Jurors Thursday will begin the process of deciding weather a Utah man convicted of first-degree murder for setting his mother on fire outside her Indio workplace will spend the rest of his life in prison or receive the death penalty.

Israel Ramirez Guardado, 38, of Salt Lake City, was found guilty on Monday of dousing his 61-year-old mother with gasoline prior to using a lighter to set her on fire in January 2018 over what prosecutors framed as a disagreement over the custody of Guardado’s oldest daughter.

His mother, Francisca Ramirez of North Shore, suffered second- and third-degree burns over more than half of her body. She died almost a month after developing acute respiratory distress syndrome associated with her injuries, according to Deputy District Attorney Joshua Hill.

Jurors deliberated for about an hour before reaching their verdict.

In addition to convicting Guardado of murder, jurors found true two special circumstance allegations — lying in wait and inflicting torture during the commission of a murder — which make him eligible for the death penalty.

Guardado kept his closing argument to the jury to about 45 seconds on Monday, appearing to agree with the prosecution’s rational for why they said he killed his mother.

“The (Riverside County District Attorney’s Office) will have you say that I’m doing it for my kid,” he told the jurors, “but then again, what wouldn’t we do for our children?”

During the prosecution’s closing argument, Hill displayed several screenshots of Guardado’s Facebook posts for jurors to see again, posts that he referred to throughout the trial which he used to paint a narrative around Guardado’s alleged lust for vengeance toward his mother regarding the custody dispute over his daughter.

Ramirez was helping raise the girl at the time along with Guardado’s brother, Hill said.

“Times up… I’m coming for you,” he wrote on Jan. 1, 2018, an apparent threat that prosecutors allege was directed at his mother.

On Jan. 19, 2018, he wrote, “I’m back in Kali and I’m ready to do whatever it takes to clear my … keep watching this won’t go past Wednesday, just ask my mom,” according to court documents.

During the trial, jurors were shown video footage from an Indio police officer’s body-worn camera showing the victim walking toward the officer in the loading dock area of the Mathis Brothers furniture store on Highway 111 on Jan. 26, 2018, at about 5:50 a.m.

She was speaking in Spanish with her co-workers behind her translating.

Several of her co-workers testified during the trial to seeing somebody light Ramirez on fire that morning, but none of the men could point to Guardado as the man responsible.

Surveillance video from an adjacent building was shown to jurors that showed the events that morning in grainy detail.

According to the prosecutor, the victim’s co-workers used jackets and sweaters to smother the flames before emergency personnel arrived.

Ramirez was then rushed to JFK Medical Center in Indio, but she was later moved to the burn unit at Arrowhead Regional Medical Center in Colton.

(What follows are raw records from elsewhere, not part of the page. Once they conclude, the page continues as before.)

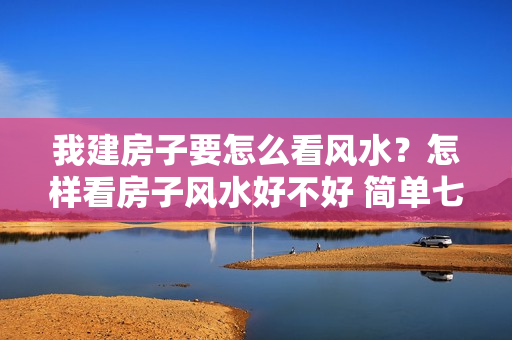 我建房子要怎么看风水？怎样看房子风水好不好 简单七招自测你房子风水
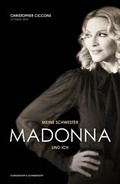 Cover: Meine Schwester Madonna und ich - Schwarzkopf & Schwarzkopf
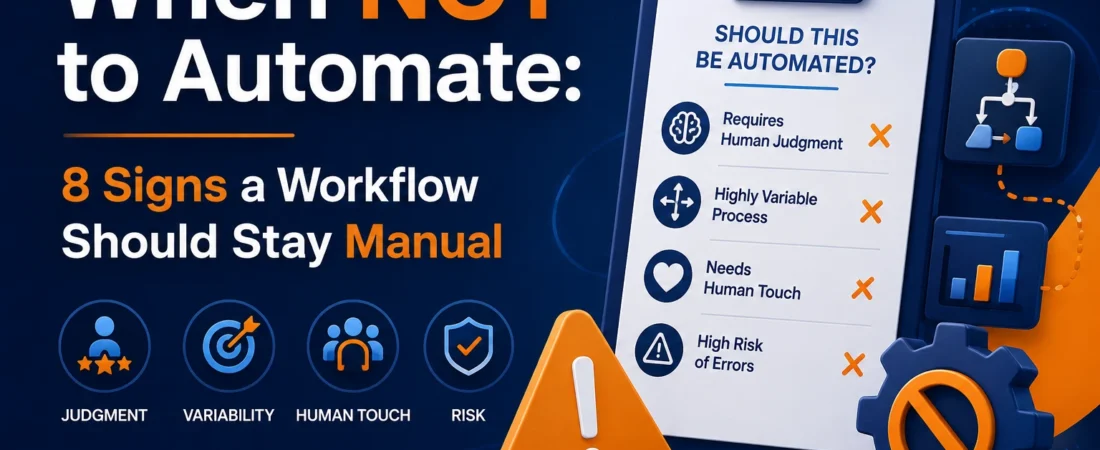 When NOT to Automate: 8 Signs a Workflow Should Stay Manual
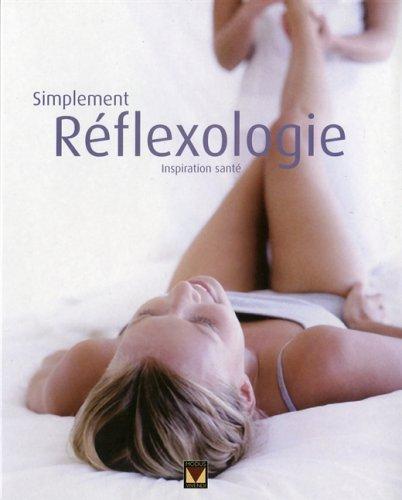 Simplement Réflexologie: Inspiration santé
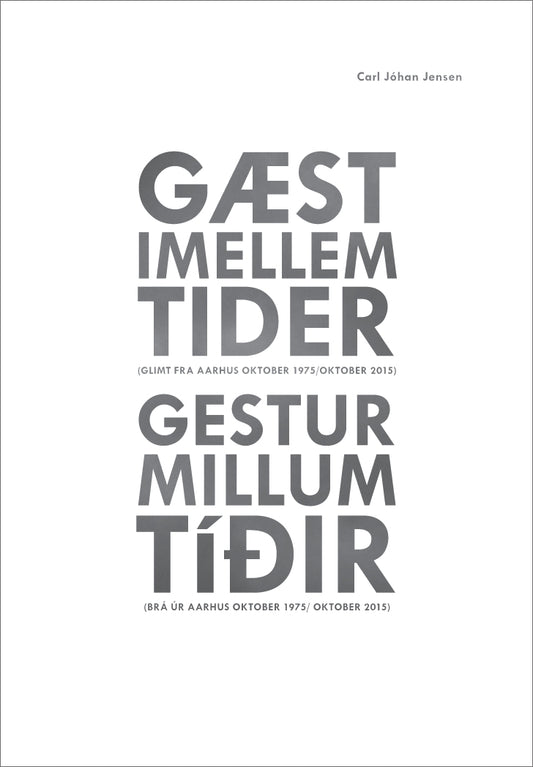 Gæst imellem tider = Gestur millum tíðir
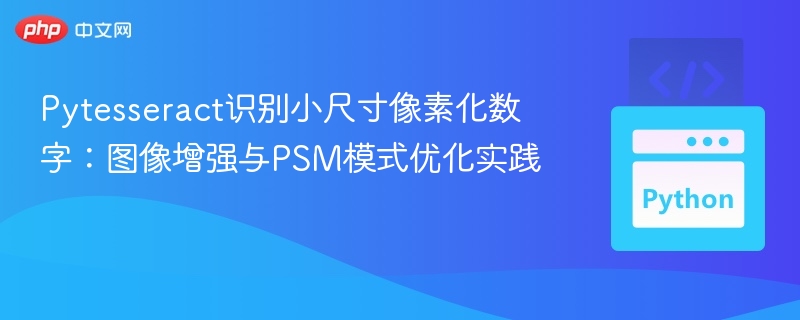 Pytesseract识别小尺寸像素化数字：图像增强与PSM模式优化实践
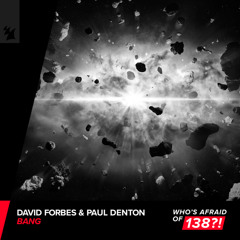 David Forbes & Paul Denton - Bang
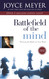 Battlefield of the Mind: Winning the Battle in Your Mind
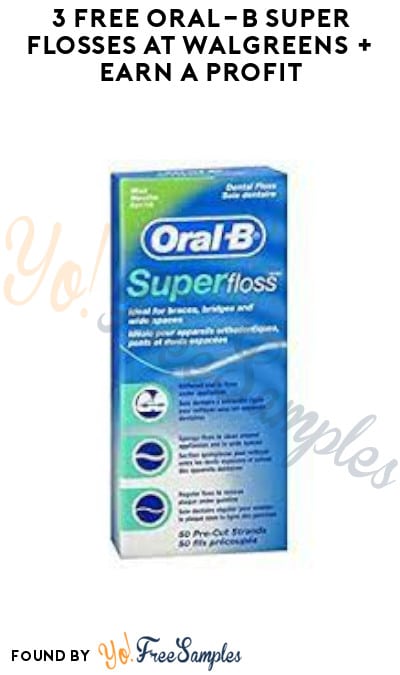 3 FREE Oral-B Super Flosses at Walgreens + Earn A Profit (Account/Coupon Required)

Prosecutors said doctors attempted skin grafts and other procedures, which ultimately proved unsuccessful. Ramirez’s organs began to fail and she became unable to absorb oxygen from a ventilator. She was taken off life support and died Feb. 25.

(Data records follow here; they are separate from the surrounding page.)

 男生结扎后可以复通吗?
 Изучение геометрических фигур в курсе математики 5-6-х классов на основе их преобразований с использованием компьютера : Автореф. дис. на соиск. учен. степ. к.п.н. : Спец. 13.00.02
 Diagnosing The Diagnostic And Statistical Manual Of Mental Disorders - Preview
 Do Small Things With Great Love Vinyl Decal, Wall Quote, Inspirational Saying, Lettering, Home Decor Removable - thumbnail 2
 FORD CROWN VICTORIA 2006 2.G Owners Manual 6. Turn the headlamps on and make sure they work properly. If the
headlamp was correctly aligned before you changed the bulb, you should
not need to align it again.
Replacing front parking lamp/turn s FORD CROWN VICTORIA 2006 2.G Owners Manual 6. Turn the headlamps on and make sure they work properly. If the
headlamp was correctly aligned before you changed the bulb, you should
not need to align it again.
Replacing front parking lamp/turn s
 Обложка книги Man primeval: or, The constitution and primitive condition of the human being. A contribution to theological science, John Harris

Hill said that after the defendant set fire to his mother, he drove to the Indio jail to surrender, telling an employee, “I came to turn myself in. I just set a woman on fire.”

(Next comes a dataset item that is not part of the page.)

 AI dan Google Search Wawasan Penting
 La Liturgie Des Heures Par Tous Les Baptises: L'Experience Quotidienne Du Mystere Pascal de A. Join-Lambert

Ramirez also allegedly pointed to her son as the man responsible for lighting her on fire to an Indio police detective who interviewed her while she was at JFK Medical Center on the day of the incident. She told the detective her son had set her ablaze because he was angry over the child custody arrangement involving his daughter, according to court documents.

During his closing argument, Guardado continued a trend he begun during his opening statement almost three weeks before — one of unwavering trust in the jury’s inevitable judgment.

“It is totally up to you guys,” he said. “… Whatever (you) think I should get, I’m fine with it.”